Start of SUPPLIED DATA

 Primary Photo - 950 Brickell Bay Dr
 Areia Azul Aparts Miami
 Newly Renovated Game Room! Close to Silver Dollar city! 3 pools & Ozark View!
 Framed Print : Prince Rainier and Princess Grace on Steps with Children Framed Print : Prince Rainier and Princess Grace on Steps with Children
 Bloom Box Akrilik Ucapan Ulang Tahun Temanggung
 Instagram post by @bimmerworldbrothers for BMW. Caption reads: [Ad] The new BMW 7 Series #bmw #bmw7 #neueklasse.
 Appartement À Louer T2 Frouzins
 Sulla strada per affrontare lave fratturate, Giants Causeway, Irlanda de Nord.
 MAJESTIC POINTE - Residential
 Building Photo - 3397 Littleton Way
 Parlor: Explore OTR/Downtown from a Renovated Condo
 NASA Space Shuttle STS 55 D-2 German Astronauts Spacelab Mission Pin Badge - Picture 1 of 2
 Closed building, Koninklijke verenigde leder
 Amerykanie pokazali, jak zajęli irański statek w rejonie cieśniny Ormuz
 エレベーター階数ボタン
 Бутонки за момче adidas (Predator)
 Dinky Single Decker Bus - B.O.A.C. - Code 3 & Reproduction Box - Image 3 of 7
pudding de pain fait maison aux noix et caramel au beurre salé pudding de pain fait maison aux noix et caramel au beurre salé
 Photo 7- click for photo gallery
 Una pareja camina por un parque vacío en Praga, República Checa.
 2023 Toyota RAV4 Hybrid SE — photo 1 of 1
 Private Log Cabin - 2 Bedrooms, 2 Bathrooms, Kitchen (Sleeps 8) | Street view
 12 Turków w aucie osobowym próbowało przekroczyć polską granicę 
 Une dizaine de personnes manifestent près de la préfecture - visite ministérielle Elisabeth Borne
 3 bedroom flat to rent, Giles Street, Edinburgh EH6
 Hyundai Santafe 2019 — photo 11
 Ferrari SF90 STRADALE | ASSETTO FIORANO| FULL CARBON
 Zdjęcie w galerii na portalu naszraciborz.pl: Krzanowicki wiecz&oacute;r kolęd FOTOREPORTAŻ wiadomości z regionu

End of SUPPLIED DATA

**YOUR TASK**
Copy out the lines beginning at the one that contains "2023 Toyota RAV4 Hybrid SE — photo 1 of 1". Stop at the final line of the data, and include it.

**RESULT FOR THIS EXERCISE**
 2023 Toyota RAV4 Hybrid SE — photo 1 of 1
 Private Log Cabin - 2 Bedrooms, 2 Bathrooms, Kitchen (Sleeps 8) | Street view
 12 Turków w aucie osobowym próbowało przekroczyć polską granicę 
 Une dizaine de personnes manifestent près de la préfecture - visite ministérielle Elisabeth Borne
 3 bedroom flat to rent, Giles Street, Edinburgh EH6
 Hyundai Santafe 2019 — photo 11
 Ferrari SF90 STRADALE | ASSETTO FIORANO| FULL CARBON
 Zdjęcie w galerii na portalu naszraciborz.pl: Krzanowicki wiecz&oacute;r kolęd FOTOREPORTAŻ wiadomości z regionu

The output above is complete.